Borrowers are sorted in accordance to credit quality. Most of us have been through extensive credit screening gauntlets where information is gathered over a current period...perhaps the last year or two. So we have to produce most recent tax returns and supporting documentation, most recent paycheck(s) etc. In addition, our property was most likely appraised in order to provide an objective, third party valuation based on current market standards.
How well you are able to service your debt is based on your liquid assets and earnings. How well collateralized the debt is, also known as the loan to value ratio, depends on the appraisal quality and the relative market conditions.

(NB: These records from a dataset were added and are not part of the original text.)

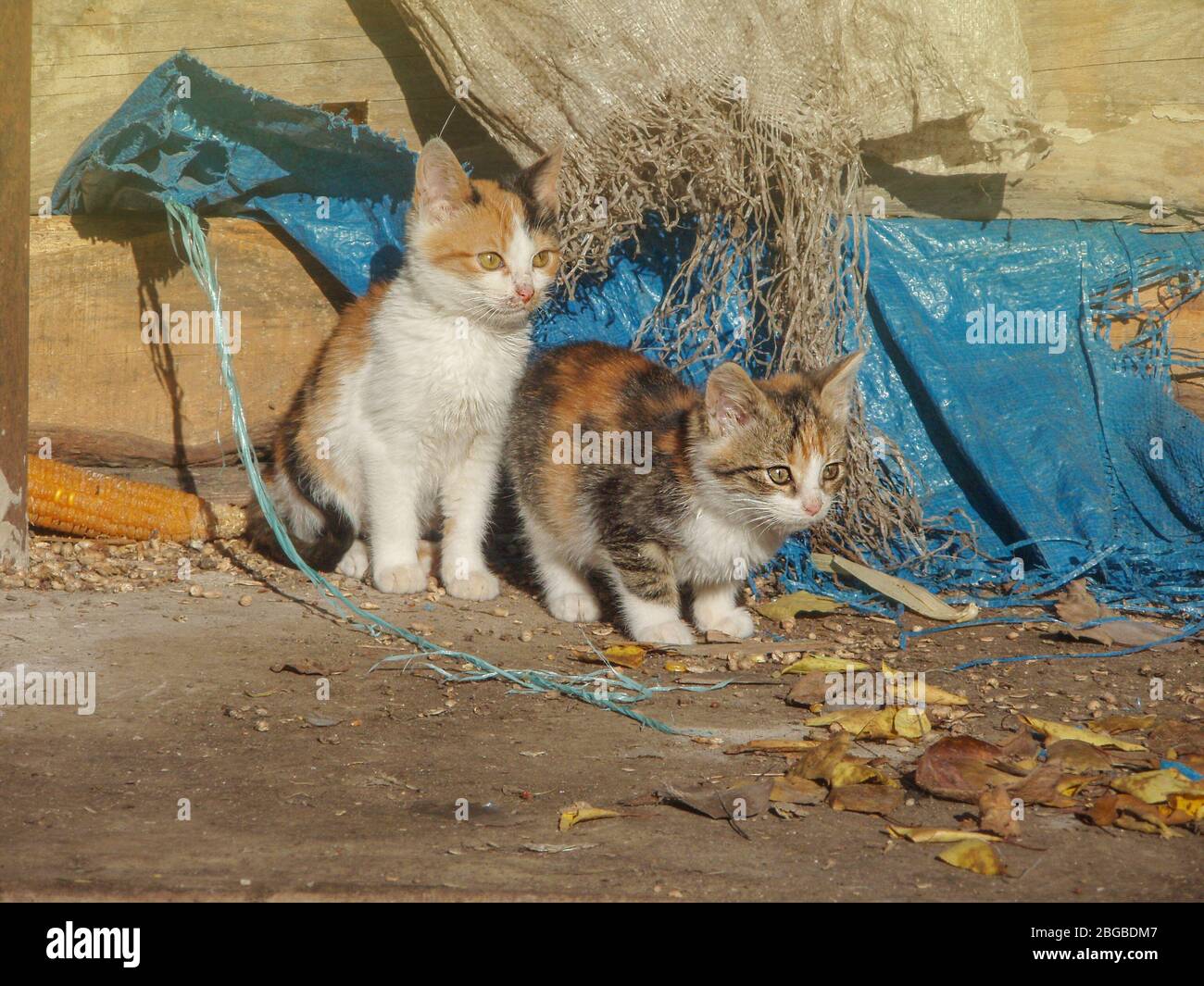 Почтальон обнаружил живую посылку в почтовом ящике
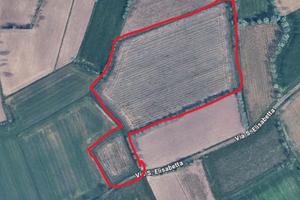 Vendita terreno seminativo gruaro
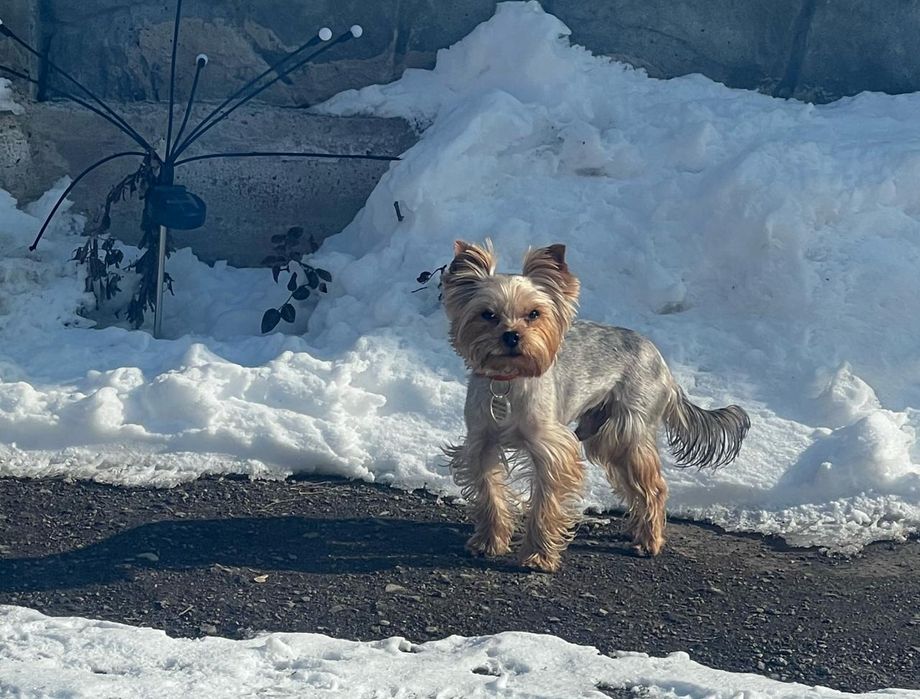 Йорк кобель для вязки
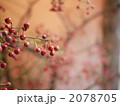 赤い実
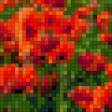 Предпросмотр схемы вышивки «Маковое поле» (№1016175)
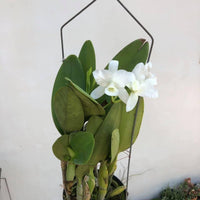 Cattleya deckeri alba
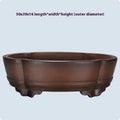 Classical purple clay bonsai pot with green plant old pile design, 50x39x16cm dimensions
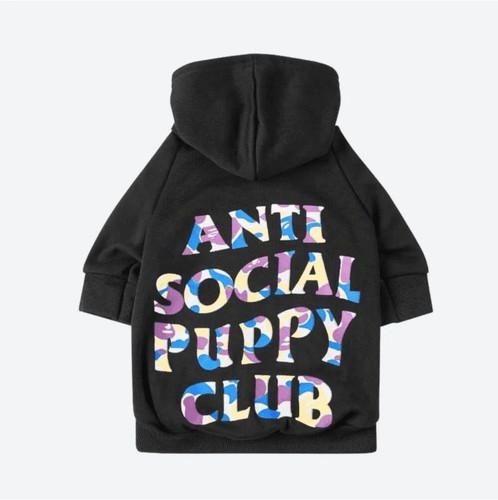 Anti social social pup top hoodie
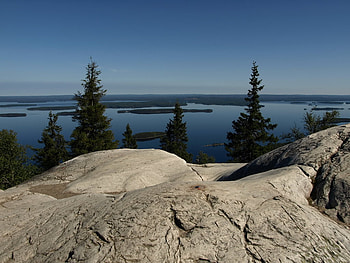 National park,Koli, finland, trees, lake, park HD wallpaper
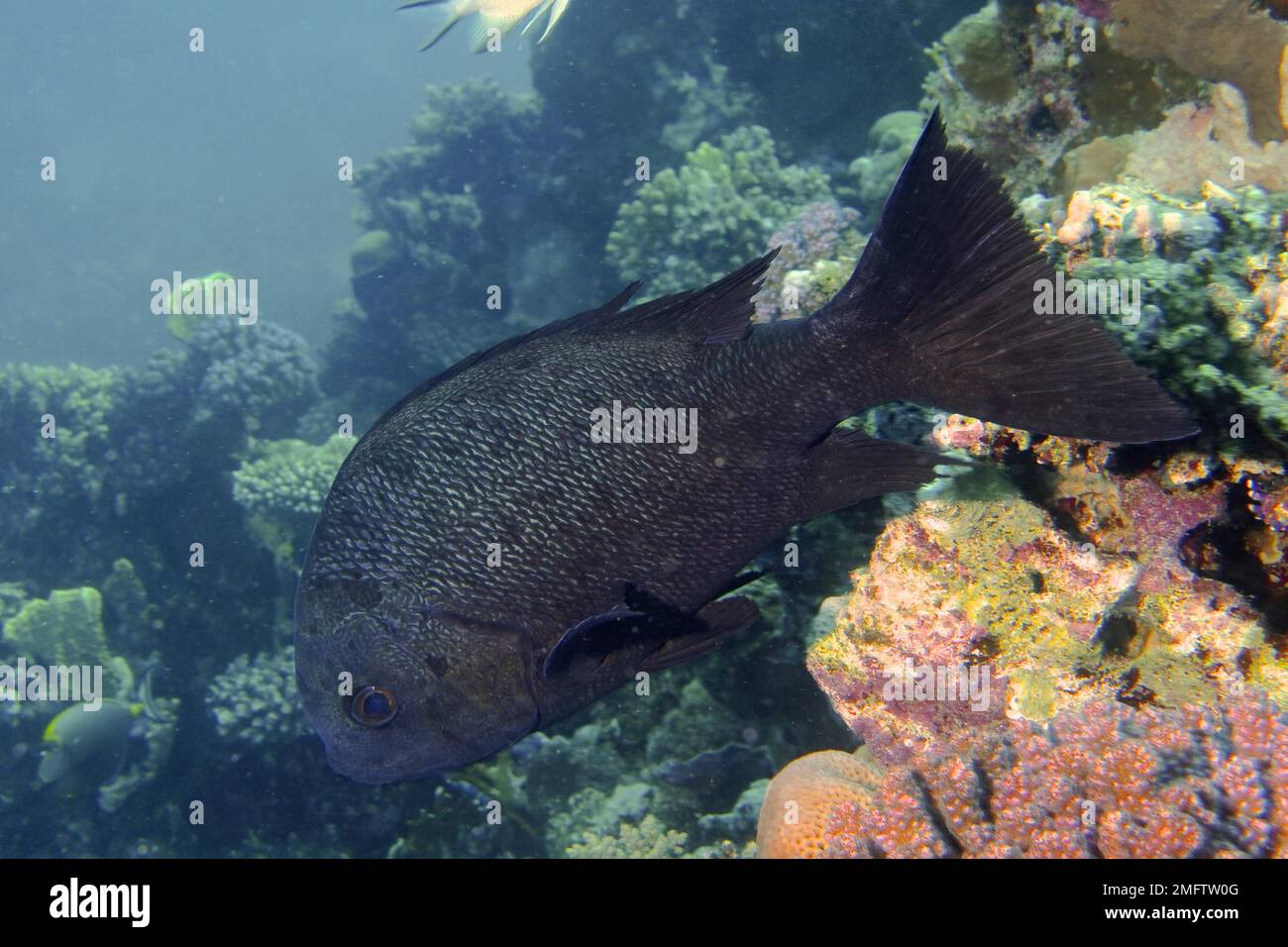 Red mangrove snapper hi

Credit quality of borrower: I'm going to lift this straight out of a Goldman Sachs S-3
From S-48: The credit score tables appearing in Appendix B show the credit scores, if any, that the originators or underwriters of the Mortgage Loans collected for some mortgagors. Third-party credit reporting organizations provide credit (or FICO) scores as an aid to lenders in evaluating the creditworthiness of mortgagors. Although different credit reporting organizations use different methodologies, higher credit scores indicate greater creditworthiness. Credit scores do not necessarily correspond to the probability of default over the life of the related Mortgage Loan, because they reflect past credit history, rather than an assessment of future payment performance. In addition, the credit scores shown were collected from a variety of sources over a period of weeks or months, and the credit scores do not necessarily reflect the credit scores that would be reported as of the date of this prospectus supplement. Credit scores also only indicate general consumer creditworthiness, and credit scores are not intended to specifically apply to mortgage debt. Therefore, credit scores should not be considered as an accurate predictor of the likelihood of repayment of the related Mortgage Loans."----------------------------
Think about the above when you hear about how "good" the FICO scores are for borrowers.